Hot City at the edge of the Arabian Desert
 
 

I WOKE up at 2:00 AM Dubai time. I wasn’t sure what the time was back in Brisbane where the plane had departed some 12 hours earlier. That didn’t matter anymore. I was over on the other side of the world now. Everyone else in the cabin was stirring from their slumber, and the cabin crew were showing signs that breakfast was near. I looked at the screen and saw we were now 1500 kilometres away from our destination. Looking back along the track, we had flown directly over Singapore and northern Sumatra before crossing southern India to our current position about 100 kilometres off the coast of Mumbai.

Breakfast
Breakfast

The cabin lights came on, and breakfast was served. It was simple just being scrambled eggs and fruit, but very nice. I could see through the curtain into business class. The lights were still off in there, giving them a bit more beauty sleep. It was not long though before they too were woken up. We finished breakfast and started preparing for the landing as we crossed the Omani coast of the Arabian Peninsula.

The plane touched down at about 4:15 AM. It was still dark outside as would be expected so early in the morning. The captain announced the outside temperature was thirty five degrees. The inside of the cabin was still very cold necessitating the wearing of my polar fleece top as we left the plane. Fortunately the terminal was air conditioned to the point that I didn’t need to take it off.

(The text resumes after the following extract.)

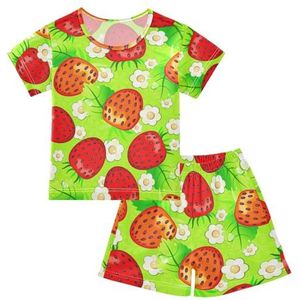 YOUJUNER Kinderpyjama set aardbeienpatroon T-shirt met korte mouwen zomer nachtkleding pyjama lounge wear nachtkleding voor jongens meisjes kinderen, Meerkleurig, 6 jaar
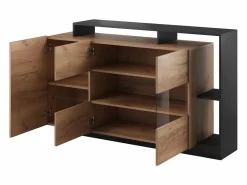Best Aparador de 3 puertas y 3 estantes con LEDs - Color: natural y antracita - IDESIA Aparador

I walked through the long passage and downstairs to pass through immigration with relative ease despite the long slow moving queue and the guards in long white robes concealing their machine guns. I was happy though that there are no forms to fill in. Immigration was relatively simple here thanks to the United Arab Emirates being very liberal in allowing foreigners into their country. This was probably the easiest stamp I had received to date. It was certainly a lot easier than the stamp I had to earn in getting back into Australia each time, or the time it took me ages to get my pre-purchased visa processed through immigration in Cambodia.

I met my arranged pickup to my hotel. I walked outside the terminal with the driver to be greeted with thick thirty five degree humidity. It was quite a shock. I had assumed the Middle East would be very dry. Perhaps it is very dry in most areas of the Middle East, but the nearby Red Sea was obviously pumping a lot of moisture into the air.

The roads in Dubai were perfectly smooth and very modern. We followed a freeway for a short distance through the thick purple haze before turning off onto a smaller road. Before I knew it I arrived at my hotel in Deira City. I hadn’t realized it was so close to the airport. Normally transfers from the airport are quite long, but I could have easily walked this distance in mild weather. I was thankful though given the heat.

I entered the revolving door into the hotel entrance. The freezing cold air conditioning hit me as I approached the counter. The man at the counter told me that my check in time wasn’t until midday, but he would let me store my bags here so I could explore the city until it was time to check in. He said if I come at around nine o’clock there should already be some rooms available and they will get me in without charging me the half day rate.

This sounded very good. Unfortunately it was only 5:30 in the morning. I left the cold air conditioning of the hotel to immediately be engulfed with the heat of the thick white haze. The entire area was full of medium rise buildings that would only be a couple of years old at the most, yet there was no one here. It was as if this area had been abandoned if it were not for the cars driving fast to their destinations wherever they would be.

Skyscraper under construction in the haze
Skyscraper under construction in the haze

All the cars looked very modern. There were no bombs here. This obviously wasn’t the sort of place where you would see the bogan in their beat up Ford or Holden. The shopping centre looked rather quiet, and I saw at the front entrance that the opening hours were between 10:00 AM and 1:00 AM each day. There was an entrance to an underground railway station, but that wasn’t due to open for another hour. All the buildings here looked brand new, but none of them were open. That wasn’t much good to me now, so I walked a little further to a bridge crossing the Dubai Creek. It was more like a harbour than a creek though. The bridge had traffic lights and tall pillars in the middle of it to allow the middle of it to be raised to let ships through.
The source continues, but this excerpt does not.